Edge and Mesh Pipelines enable the data flow between the edge and the mesh (cloud) environment. The Edge Pipelines are responsible for preprocessing the data before sending it to the Mesh Pipelines. The Mesh Pipelines are responsible for processing the data in the cloud environment.

Every pipeline consists of a sequence of nodes. Each node is responsible for a specific task, such as filtering, transforming, or aggregating data. The nodes are connected in a directed acyclic graph (DAG) where the edges represent the data flow between the nodes.

The following diagram illustrates the execution roles of Edge and Mesh Adapters in the ETL process:

Every node in the pipeline has a specific configuration that defines its behavior. The configuration includes the type of the node, the input and output schema, and any additional parameters required for the node to function correctly.

The following example shows the configuration of a Project node that selects specific fields from the input data stream and passes them to the output stream:

- type: Project@1
fields:
- path: "$.Sinus"
inclusion: false
- path: "$.Constant_6"
inclusion: false

Every node receives and input object that can be modified and passed to the next node in the pipeline. The input object is a JSON object that represents the data stream at that point in the pipeline. The output object is the modified input object that is passed to the next node in the pipeline.

Pipeline definitions

We call the list of nodes to be executed Pipeline Definition, the typical format is YAML. The following example shows a simple pipeline definition with two nodes:

triggers:
- type: FromHttpRequest@1
path: /demo
method: POST
transformations:
- type: PrintDebug@1

This pipeline definition consists of two parts: the triggers section and the transformations section. The triggers section defines the event that triggers the pipeline execution, while the transformations section defines the sequence of nodes that are executed when the pipeline is triggered.

Node types

We distinguish between different types of nodes based on their functionality. Some nodes are Adapter specific, while others are general-purpose nodes that can be used in any pipeline.

The following list provides an overview of the different node types:

Trigger nodes

Trigger nodes are used to start the execution of a pipeline based on an event. The event can be a message from a message broker, a polling event, or a webhook.

In the subsection 'Nodes' of the docs you can find detailed information about the different trigger nodes.

Control nodes

Control nodes are used to control the flow of the pipeline. They can be used to iterate over an array, execute a sub-pipeline for each element, or execute a sub-pipeline based on a condition.

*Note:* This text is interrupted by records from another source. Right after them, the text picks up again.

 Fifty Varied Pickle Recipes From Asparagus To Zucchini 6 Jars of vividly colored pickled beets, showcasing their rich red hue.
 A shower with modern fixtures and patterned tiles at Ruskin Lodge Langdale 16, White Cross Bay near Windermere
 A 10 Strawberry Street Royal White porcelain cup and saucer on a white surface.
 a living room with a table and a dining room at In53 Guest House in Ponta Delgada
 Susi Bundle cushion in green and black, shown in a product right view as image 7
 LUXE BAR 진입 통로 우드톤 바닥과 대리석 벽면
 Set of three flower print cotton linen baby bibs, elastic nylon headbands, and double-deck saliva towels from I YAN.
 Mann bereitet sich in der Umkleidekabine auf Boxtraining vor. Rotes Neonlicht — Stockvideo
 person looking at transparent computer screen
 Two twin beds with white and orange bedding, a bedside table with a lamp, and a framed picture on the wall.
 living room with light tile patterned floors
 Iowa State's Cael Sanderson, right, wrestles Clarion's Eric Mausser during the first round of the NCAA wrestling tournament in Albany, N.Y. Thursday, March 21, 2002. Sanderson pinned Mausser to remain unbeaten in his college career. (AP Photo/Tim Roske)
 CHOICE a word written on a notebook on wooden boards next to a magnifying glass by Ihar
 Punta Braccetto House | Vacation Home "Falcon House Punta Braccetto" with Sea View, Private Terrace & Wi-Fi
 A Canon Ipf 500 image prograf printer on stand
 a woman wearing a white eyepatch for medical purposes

In the subsection 'Nodes' of the docs you can find detailed information about the different control nodes.

Transformation nodes

Transformation nodes are used to transform the data in the pipeline. They can be used to filter, aggregate, or enrich the data.

In the subsection 'Nodes' of the docs you can find detailed information about the different transformation nodes.

Extract nodes

Extract nodes are used to extract data from a source. They can be used to extract data from a database, a file, or a message broker. Most of the time Trigger nodes are used to extract data from a source.

In the subsection 'Nodes' of the docs you can find detailed information about the different extract nodes.

Load nodes

Load nodes are used to load data into a target. They can be used to load data into a database, a file, or a message broker.

In the subsection 'Nodes' of the docs you can find detailed information about the different load nodes.